Millions on our globe suffer, often shunning medical care and social help, stigmatized in their plight, fearing widespread prejudice, while billions-even a trillion surround them, not assisting, but eager to exile them.  The effort required to eliminate this scourge is many orders of magnitude greater than the campaign that eliminated in vivo smallpox.

 

WHO objectives for leprosy control:

 

(1) Interrupt transmission of the infection, thereby reducing the incidence of disease so that it no longer constitutes a public health problem.

 

(2) Treat patients in order to achieve their cure and where possible, complete rehabilitation.

 

(3) Prevent the development of associated deformities.

 

In recent years, leprosy control programs have faced the problem of emerging secondary and primary resistance of Mycobacterium lepræ to dapsone.  In 1981 the WHO Study Group on Chemotherapy of Leprosy for Control Programmes recommended multidrug regimens for both mulitbacillary (LL) and paucibacillary (TT) patients.  The Scientific Working Group on the Immunology of Leprosy (IMMLEP) has been making progress, but early detection and effective chemotherapy will remain in place for many years. [3]

 

 

 

 

Footnotes and references:

 

[1] Ben Hur: A Tale of the Christ Lew Wallace - 1922 - 522 pages        books.google.com

[2] Koch's postulates of disease causation are:

1) The microorganism must be found in abundance in all organisms suffering from the disease.
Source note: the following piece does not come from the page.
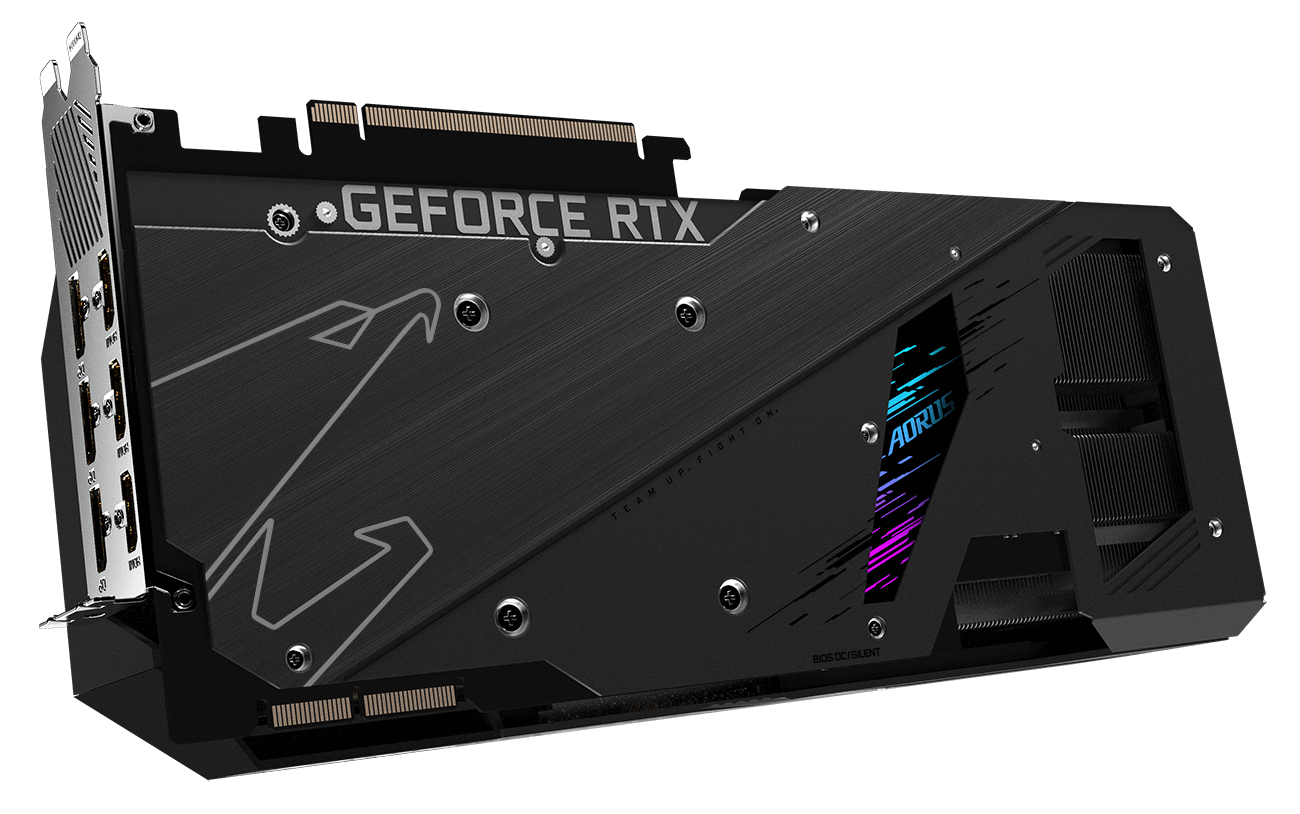 AORUS GeForce RTX™  MASTER G rev. 1.0 Key Features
2) The microorganism must be isolated from a diseased organism and grown in pure culture.

3) The cultured microorganism should cause disease when introduced into a healthy organism.

   4) The microorganism must be reisolated from the inoculated, diseased       

            experimental host and identified as being identical to the original   

         causative agent.

[3] http://whqlibdoc.who.int/trs/WHO_TRS_716.pdf]   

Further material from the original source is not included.